Sterk was the 45th-highest paid private college executive that year, a jump from her No. 57 slot in 2016. Sterk’s compensation is around 23 times the annual tuition at Emory and seven times the average annual faculty salary, according to the report.
The $24,300 in deferred compensation was not a negotiated payout for Sterk, who will step down in August 2020, according to a Jan. 21 email from Assistant Vice President of Reputation Management Laura Diamond. Rather, it was established by the Emory Board of Trustees’ Committee on Executive Compensation and Trustees’ Conflict of Interest as part of a contract agreed upon by Sterk.
The Chronicle publishes an annual executive compensation report that includes the salary data of 1,400 chief executives at approximately 600 private colleges using the IRS Form 990, which details nonprofit organizations’ tax returns.
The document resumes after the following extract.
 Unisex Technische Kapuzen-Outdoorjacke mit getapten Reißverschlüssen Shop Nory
The University’s tax returns are public, as it is a 501(c)(3) nonprofit.
Former University President James W. Wagner received about $750,000 in the 2017-18 tax year, which included a $718,391 base salary and $24,300 in retirement and other deferred compensation. In 2015, Wagner received $2.36 million in deferred compensation along with his base salary of $991,460, making him the second-highest paid private university executive for that year, the Wheel previously reported.
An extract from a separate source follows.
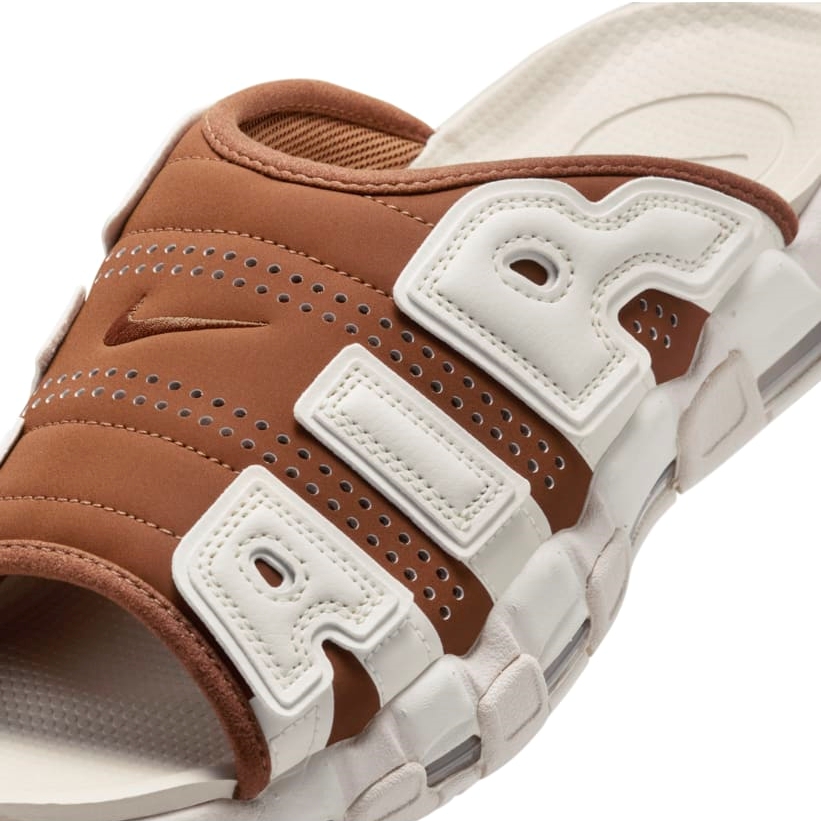 【2024年 7/11 発売】ナイキ エア モア アップテンポ スライド “セイル/ブラウン” (NIKE AIR MORE UPTEMPO SLIDE “Sail/Brown”) [FQ8699-200/FQ8700-200]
Former Emory University Vice President of Investments and Chief Investment Officer Mary Cahill received nearly $3.3 million in compensation, including almost $2 million in “other reportable compensation,” according to Form 990. Cahill retired from her post in 2017 and was replaced by Srinivas Pulavarti in July 2018. Cahill’s compensation included salary, incentive for endowment performance, severance pay and previous deferred incentive amounts, according to Diamond.
Cahill oversaw the Emory Investment Management group, which manages the “asset allocation, investment management and oversight” of Emory’s investment portfolio, according to an Emory press release.
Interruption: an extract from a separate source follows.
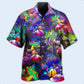 Frog Galaxy Mushroom Fantasy Art – Hawaiian Shirt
Emory’s lobbying efforts totaled $682,877 for the 2017 fiscal year, with $169,496 listed for “direct contact with legislators, their staffs [and] government officials,” the filing reads.
“The office advocates on a wide range of issues, including higher education, health care, research and other areas of importance to Emory,” Diamond wrote. “Emory University does not make political donations.”